- [WORK TO COMPLETE]:
Return the data that follows exactly as it appears. Pictures do not belong in the copy.

- [DATA EXTRACT]:

##########

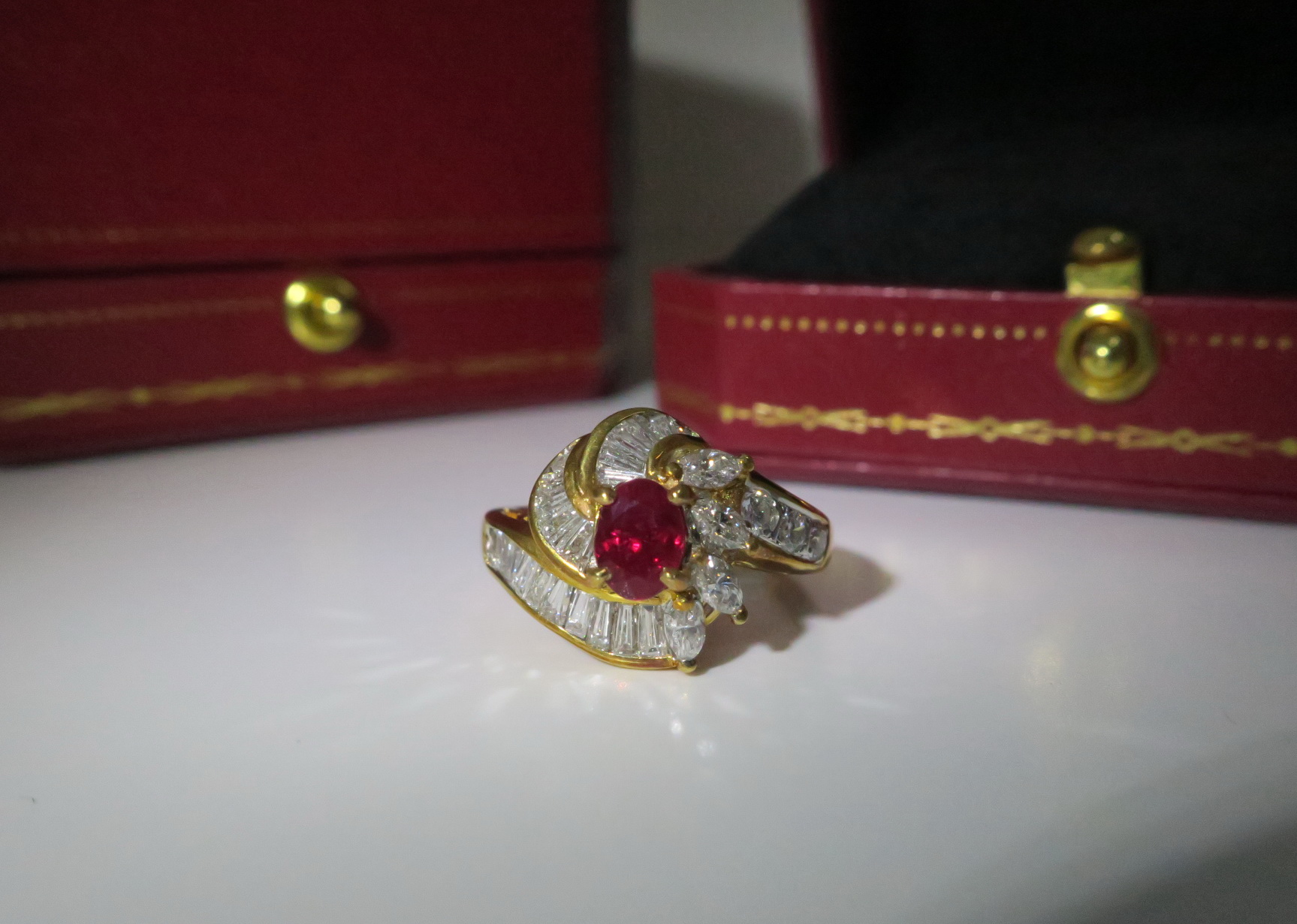 天然 紅寶石87分 鑲崁 鑽石/梯鑽/馬眼鑽 總重1.13克拉 戒台/戒指 18K金 5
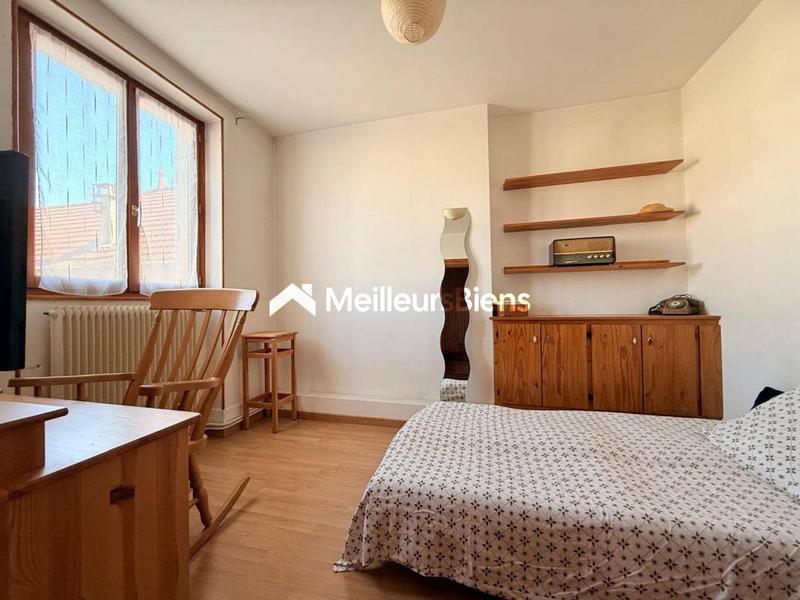 Maison - 104 m² - 6 pièces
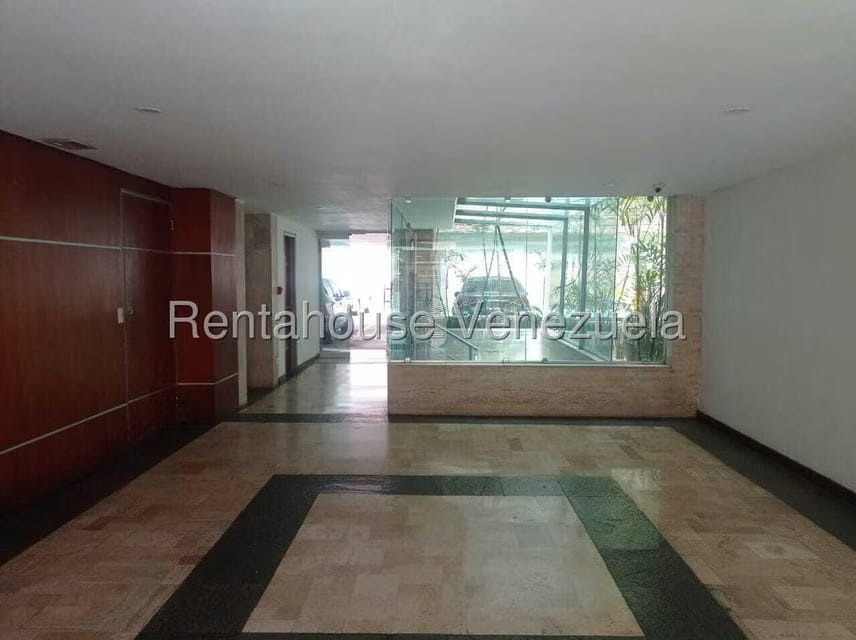Apartamento (1 Nivel) en Alquiler en Los Naranjos de Las Mercedes, Distrito Metropolitano - 4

##########

- [RESULT]:
 天然 紅寶石87分 鑲崁 鑽石/梯鑽/馬眼鑽 總重1.13克拉 戒台/戒指 18K金 5
 Maison - 104 m² - 6 pièces
Apartamento (1 Nivel) en Alquiler en Los Naranjos de Las Mercedes, Distrito Metropolitano - 4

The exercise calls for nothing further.